Cassandra Sidecar Instrumentation

The Cassandra Sidecar process is instrumented with the OpenTelemetry Java Agent and Pyroscope Java Agent, matching the pattern used for Cassandra itself. Both agents are loaded via -javaagent flags set in /etc/default/cassandra-sidecar, which is written by the setup-instances command.

Key configuration:

  • OTel Agent JAR: Installed by Packer to /usr/local/otel/opentelemetry-javaagent.jar
  • Pyroscope Agent JAR: Installed by Packer to /usr/local/pyroscope/pyroscope.jar
  • Service name: cassandra-sidecar (both OTel and Pyroscope)
  • Export endpoint: localhost:4317 (local OTel Collector DaemonSet)
  • Profiling: CPU, allocation (512k threshold), lock (10ms threshold) profiles sent to Pyroscope server
  • Activation: Gated on /etc/default/cassandra-sidecar — the systemd EnvironmentFile=- directive makes it optional, so the sidecar starts normally without instrumentation if the file doesn't exist

Tool Runner Log Collection

Commands run via exec run are executed through systemd-run, which captures stdout and stderr to log files under /var/log/easydblab/tools/. The OTel Collector's filelog/tools receiver watches this directory and ships log entries to VictoriaLogs with the attribute source: tool-runner.
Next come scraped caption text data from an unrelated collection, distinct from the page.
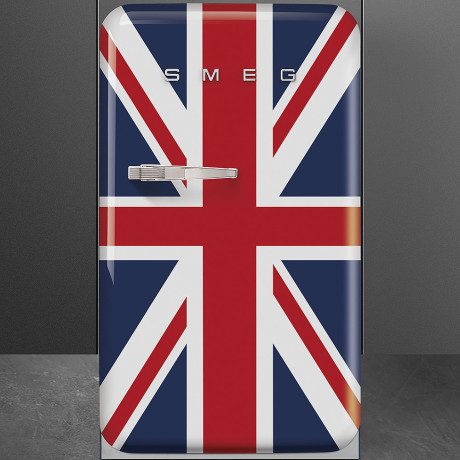 Smeg - FAB10RUJ Smeg - FAB10RUJ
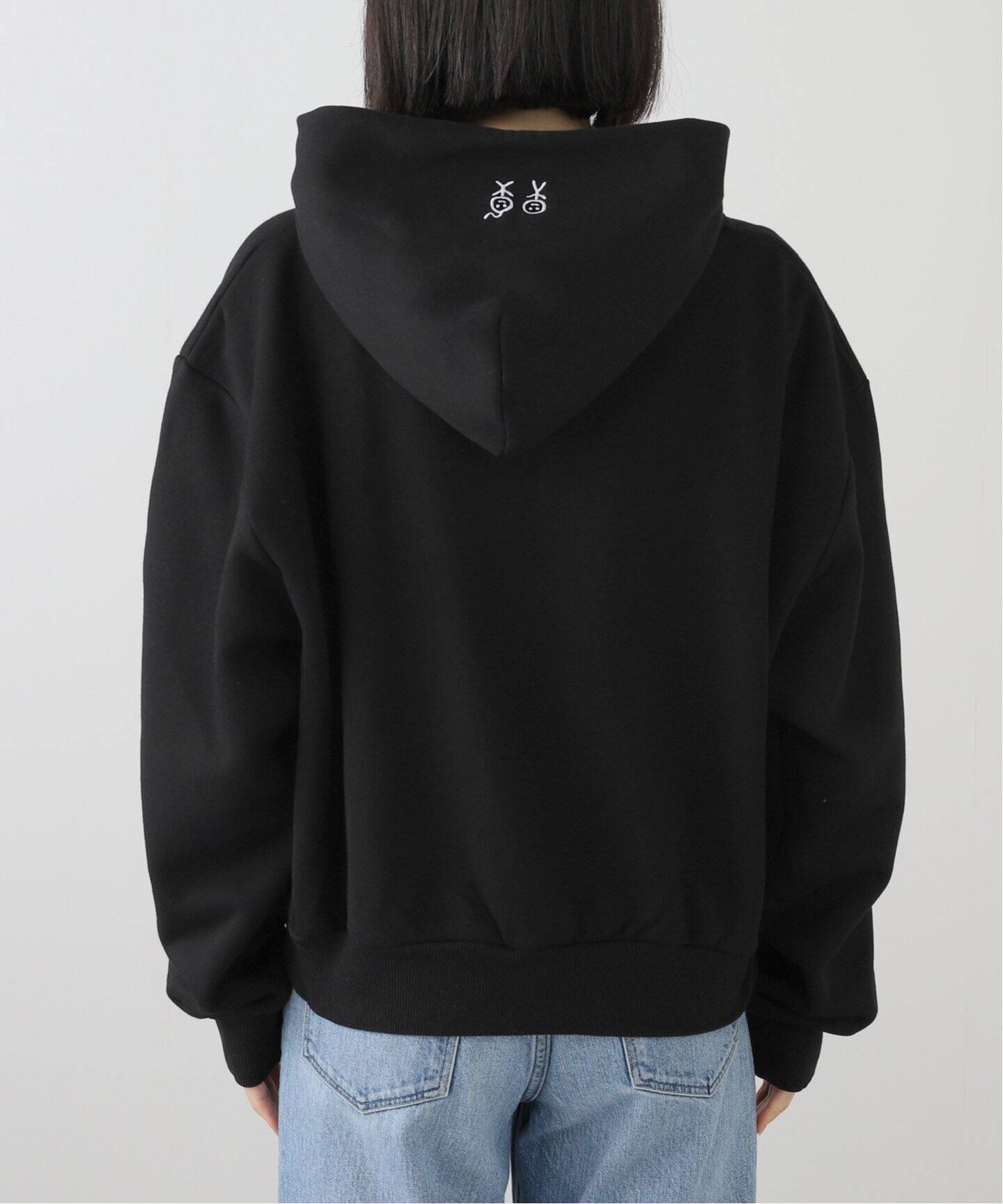 Urban Sophistication】 JFK Hoodie 810123515905/929：裏起毛パーカー  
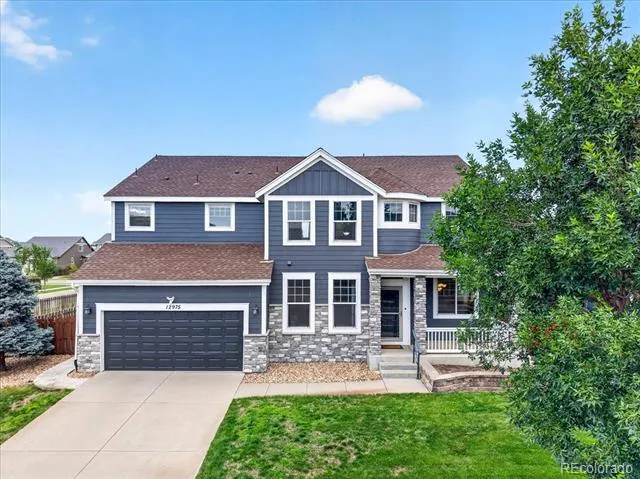 12975 E 107th Place Commerce City, CO 80022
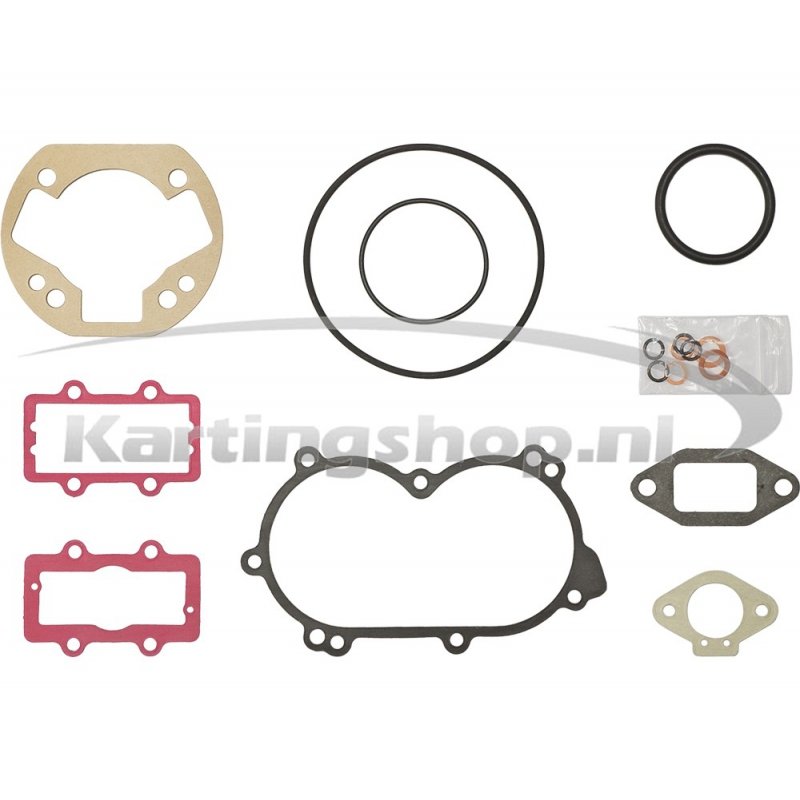 Iame X30 Conjunto Da Junta De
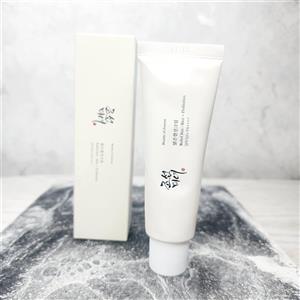 کرم ضد آفتاب بیوتی آف جوسان مدل سبوس برنجSPF50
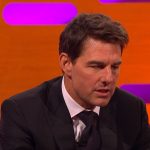 Tom Cruise Instagram - @grahnort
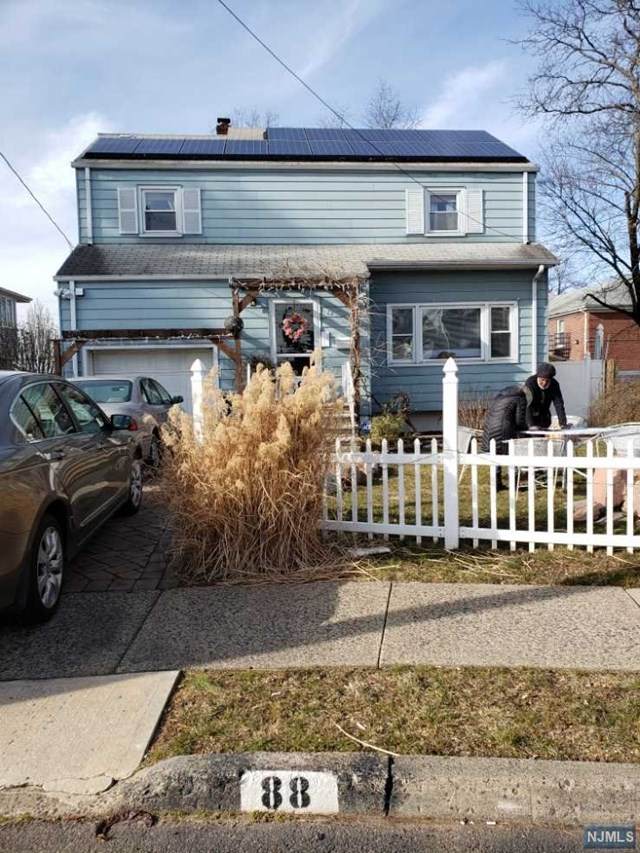 88 Lake Court - Photo 1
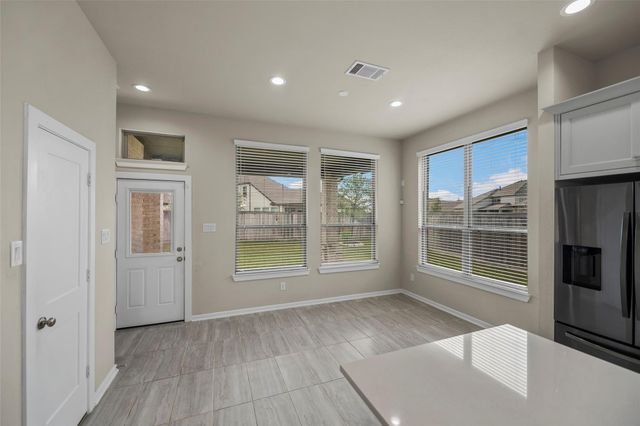 14910 Big Spring Park Drive, Cypress, TX 77433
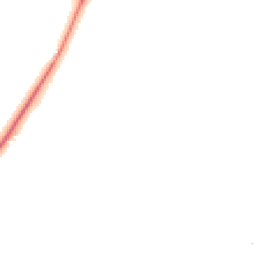 Night-time road noise heatmap for CB22 6AA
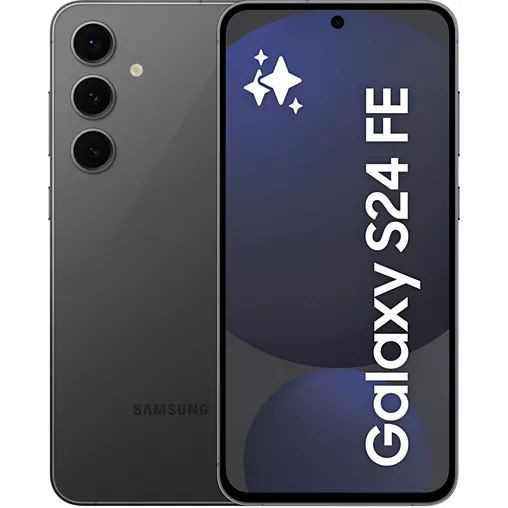 S24 FE 5G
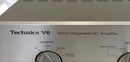 Technics Integrated Amplifiers Su-V6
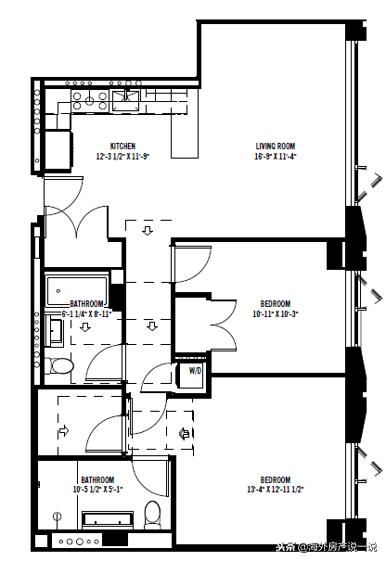 曼哈顿广场房子首付多少,曼哈顿中城哈德逊广场附近房租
This provides automatic log capture for ad-hoc debugging tools (e.g., inotifywait, tcpdump, strace) run during investigations. Logs are queryable in VictoriaLogs and preserved in S3 backups via logs backup.

Key details:

  • Log directory: /var/log/easydblab/tools/
  • Source attribute: tool-runner (for filtering in VictoriaLogs queries)
  • Foreground commands: Output displayed after completion, also logged to file
  • Background commands (--bg): Output logged to file only, tool runs as a systemd transient unit

YACE CloudWatch Scrape

YACE (Yet Another CloudWatch Exporter) runs on the control node and scrapes AWS CloudWatch metrics for services used by the cluster. It uses tag-based auto-discovery with the easy_cass_lab=1 tag to find relevant resources.

YACE scrapes metrics for:

  • S3 — bucket request/byte counts
  • EBS — volume read/write ops and latency
  • EC2 — instance CPU, network, disk
  • OpenSearch — domain health, indexing, search metrics

EMR metrics are collected directly via OTel Collectors on Spark nodes (see Spark JVM Instrumentation above).
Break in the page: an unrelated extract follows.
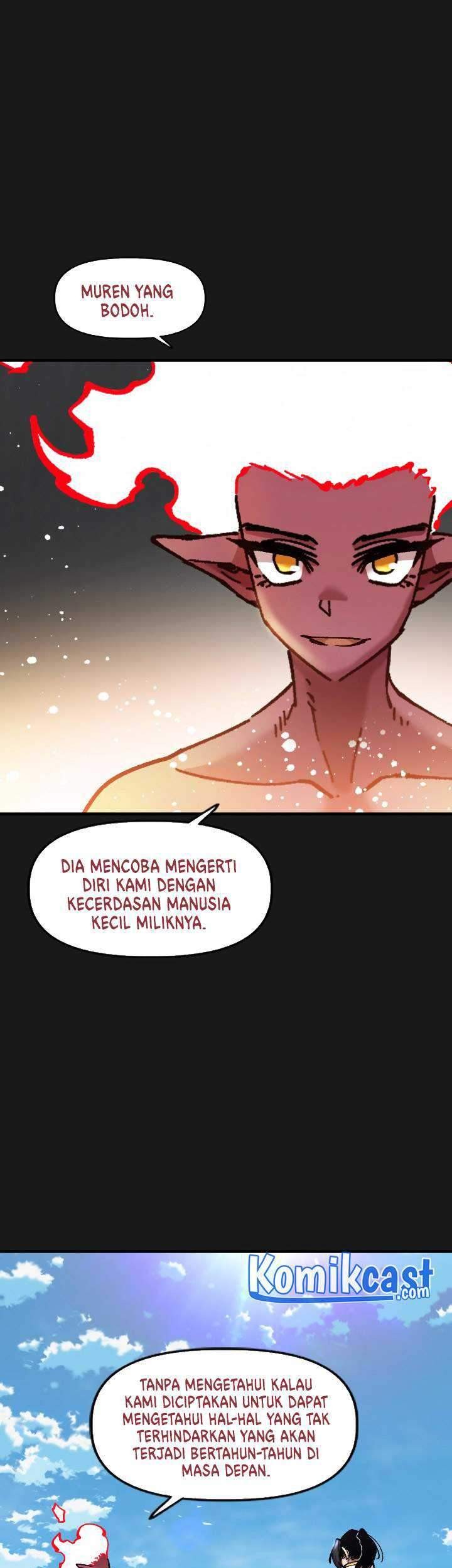 Slave B Chapter 79 - halaman 48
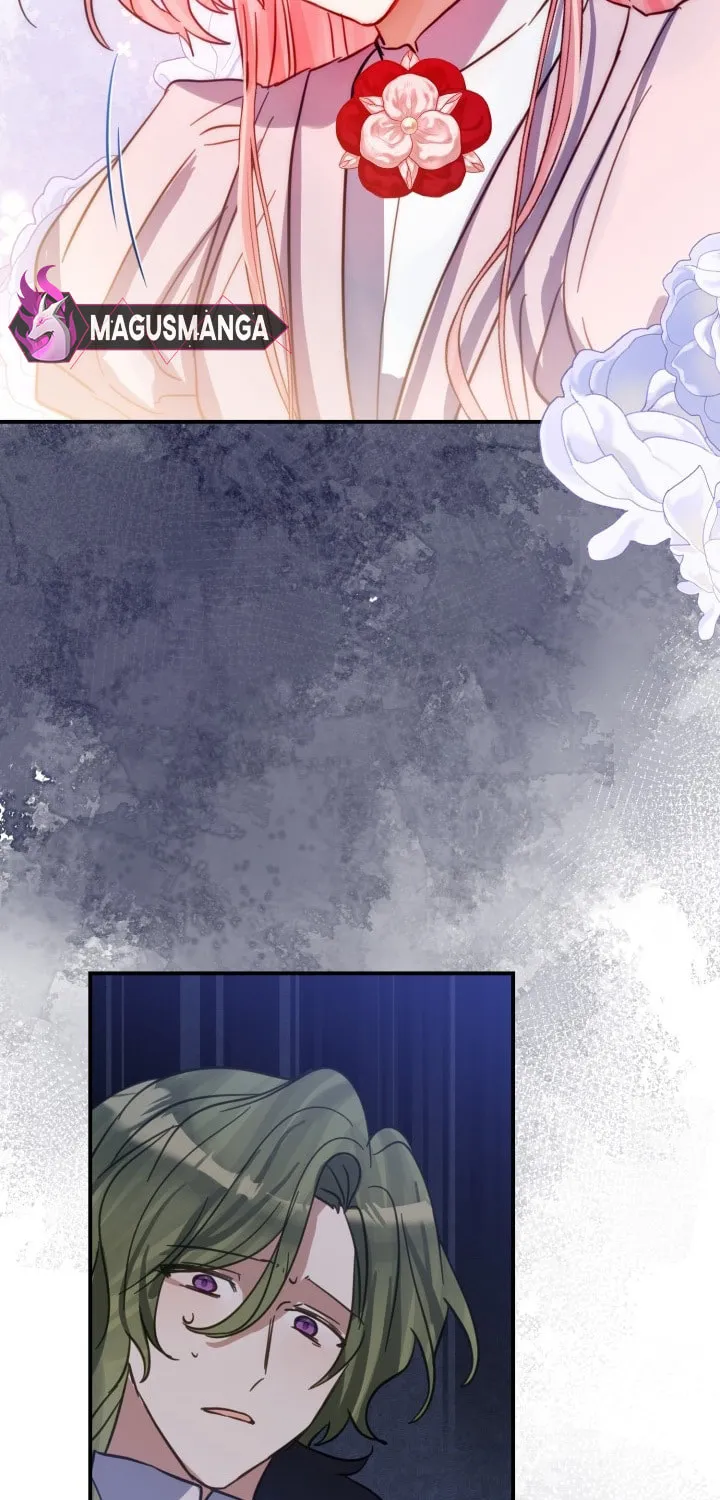 I Became the Youngest Daughter of the Mafia Family Chapter 6 page 24 -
YACE exposes scraped metrics as Prometheus-compatible metrics on port 5001, which are then scraped by the OTel Collector and forwarded to VictoriaMetrics. This replaces the previous CloudWatch datasource in Grafana with a Prometheus-based approach, giving dashboards access to CloudWatch metrics through VictoriaMetrics queries.

Resource Attributes

Traces from the CLI tool and cluster nodes include the following resource attributes:

  • service.name: Service identifier (e.g., easy-db-lab, cassandra-sidecar, spark-<job-name>)
  • service.version: Application version (CLI tool only)
  • host.name: Hostname

Configuration

The following environment variables are supported:

VariableDescriptionDefault
OTEL_EXPORTER_OTLP_ENDPOINTOTLP gRPC endpointNone (no export)
OTEL_SERVICE_NAMEOverride service nameeasy-db-lab
OTEL_RESOURCE_ATTRIBUTESAdditional resource attributesNone

Additional standard OTel environment variables are supported by the agent. See the OpenTelemetry Java Agent documentation for details.
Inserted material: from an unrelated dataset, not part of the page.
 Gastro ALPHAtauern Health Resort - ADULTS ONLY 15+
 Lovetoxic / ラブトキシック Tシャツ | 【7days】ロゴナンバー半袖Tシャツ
Example: Using with Jaeger

Start Jaeger with OTLP support:

docker run -d --name jaeger \
  -p 16686:16686 \
  -p 4317:4317 \
  jaegertracing/all-in-one:latest

Export traces to Jaeger:

export OTEL_EXPORTER_OTLP_ENDPOINT=http://localhost:4317
easy-db-lab up

View traces at http://localhost:16686

Example: Using with Grafana Tempo

If you have Grafana Tempo running with OTLP gRPC ingestion:

export OTEL_EXPORTER_OTLP_ENDPOINT=http://tempo:4317
easy-db-lab up

Troubleshooting

No Traces Appearing

  1. Verify the endpoint is correct and reachable
  2. Check that the collector accepts gRPC OTLP (port 4317 is standard)
  3. Look for OpenTelemetry agent logs on startup (use -Dotel.javaagent.debug=true to enable debug logging)

High Latency

Traces are batched before export (default 1 second delay). This is normal and reduces overhead.